AEP will immediately begin negotiating terms with the DOE to receive $334 million to assist with the installation of the system that will use a chilled ammonia process to capture at least 90 percent of the carbon dioxide from 235 megawatts of the plant’s 1,300 megawatts of capacity. The captured carbon dioxide, approximately 1.5 million metric tons per year, will be treated and compressed, then injected into suitable geologic formations for permanent storage approximately 1.5 miles below the surface.

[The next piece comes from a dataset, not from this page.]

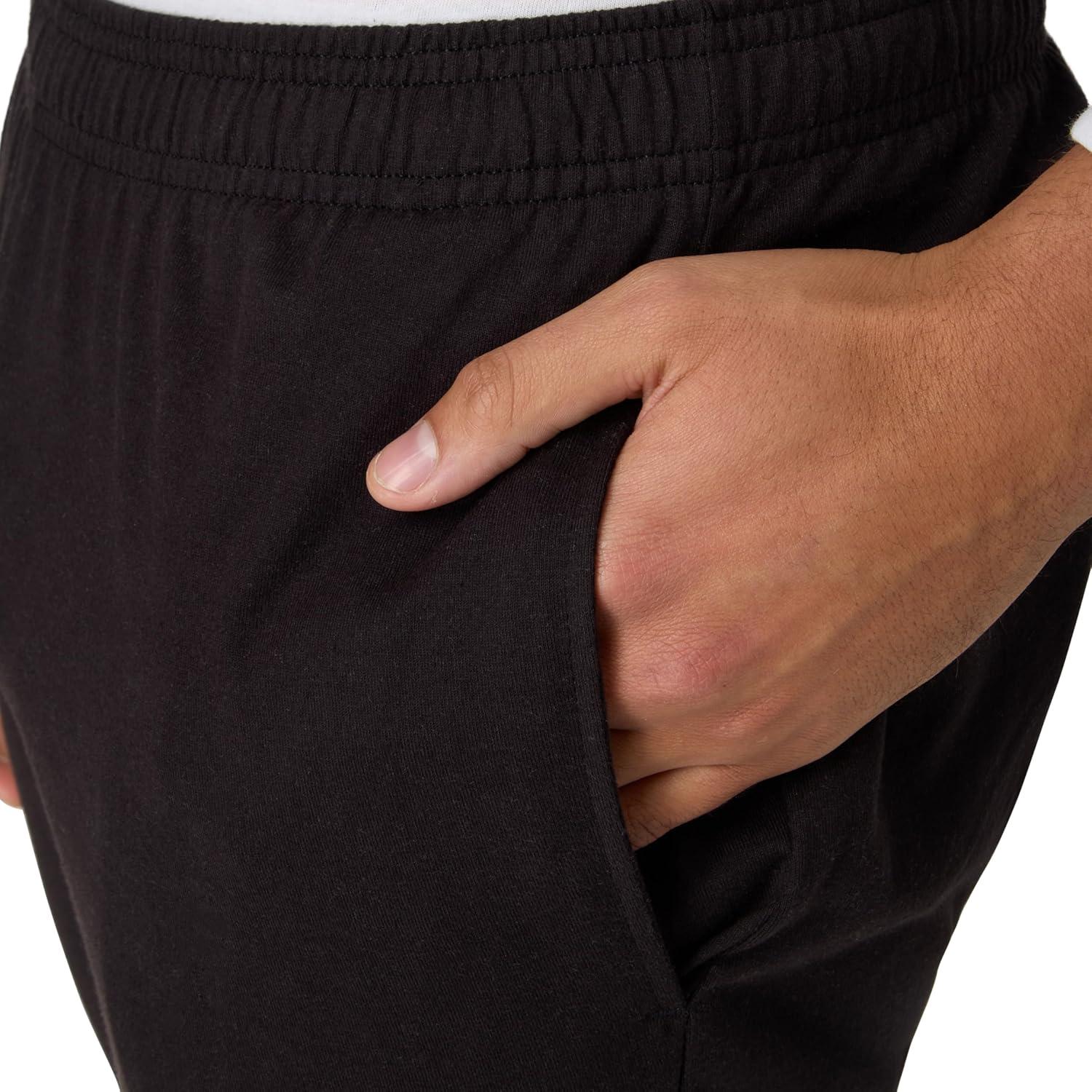 imageHanes Mens Cotton Jersey Jogger Knit Sweatpants with Pockets Jogger Cinched Cuff and Straight LegBlack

The system will begin commercial operation in 2015, according to the company’s application for funding.
The $334 million requested by AEP is about half of the estimated cost of the system.
“We’re pleased that the DOE selected our project for funding,” said Mike Morris, AEP chairman, president and chief executive officer. “It demonstrates the agency’s recognition that commercialization of carbon capture and storage technology is an essential component in a successful climate strategy for this nation, which relies on coal-fired generation for about half of its electricity supply.

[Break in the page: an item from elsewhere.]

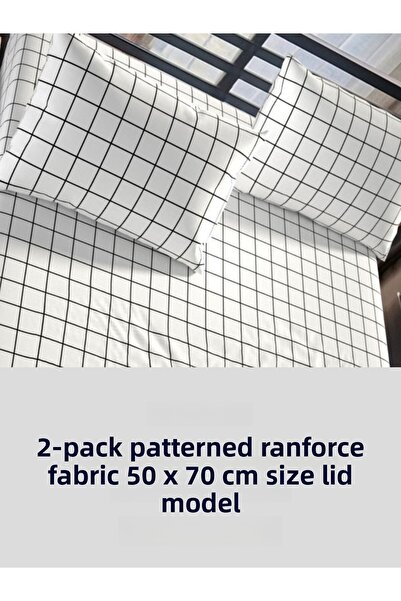 LATTE TEKSTİL غطاء وسادة منقوش باللون الأبيض من Ranforce - عبوة من قطعتين مقا...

“Customers of utilities in the U.S. and abroad will benefit from the work we are doing at our Mountaineer Plant,” Morris said. “The first use of any technology comes at a higher cost than subsequent uses. The DOE funding will reduce the costs our customers face for the first commercial deployment of this technology, which will lead to lower future costs for customers of AEP and other utilities as companies retrofit existing coal-fired plants to address carbon dioxide emissions.

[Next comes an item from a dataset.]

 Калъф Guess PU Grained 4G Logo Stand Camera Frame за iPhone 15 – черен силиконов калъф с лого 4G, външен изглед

“We greatly appreciate the support we’ve received from West Virginia’s Washington delegation and state officials as we pursued funding to push this important technology to commercial scale,” Morris said.
For this commercial-scale project, AEP has formed a diverse technical advisory committee that includes recognized experts in the field of geologic carbon dioxide storage. This group will include participants from Schlumberger Limited, Battelle Memorial Institute, Lawrence Livermore National Laboratory, Massachusetts Institute of Technology, The Ohio State University, West Virginia University, The University of Texas, West Virginia Geological Survey, Ohio Geological Survey, CONSOL Energy, and the West Virginia Department of Commerce Division of Energy. Additionally, Battelle and Schlumberger will work directly with AEP to design and deploy the carbon dioxide storage system at Mountaineer. AEP is also in discussions with other potential international partners for the project.
AEP and Alstom began operating a smaller-scale validation of the technology in September at the Mountaineer Plant. That system captures up to 90 percent of the carbon dioxide from a slipstream of flue gas equivalent to 20 megawatts of generating capacity. The captured carbon dioxide, more than 100,000 tons a year, is being compressed and injected into suitable geologic formations for permanent storage approximately 1.5 miles below the surface. No federal funds are being used for the validation project.